Entries shown:

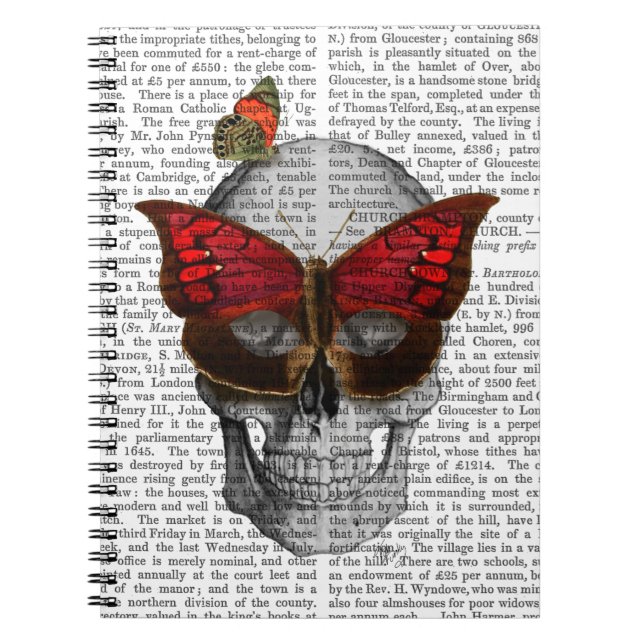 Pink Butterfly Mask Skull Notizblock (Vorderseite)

--

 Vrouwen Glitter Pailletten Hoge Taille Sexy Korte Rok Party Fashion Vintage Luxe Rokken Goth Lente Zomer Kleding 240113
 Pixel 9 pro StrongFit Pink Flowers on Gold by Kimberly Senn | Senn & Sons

Task item:
All that is wanted is an exact copy of the lines above from the one with "Vrouwen Glitter Pailletten" through the one with "Pixel 9 pro", with both ends included.

Task output:
 Vrouwen Glitter Pailletten Hoge Taille Sexy Korte Rok Party Fashion Vintage Luxe Rokken Goth Lente Zomer Kleding 240113
 Pixel 9 pro StrongFit Pink Flowers on Gold by Kimberly Senn | Senn & Sons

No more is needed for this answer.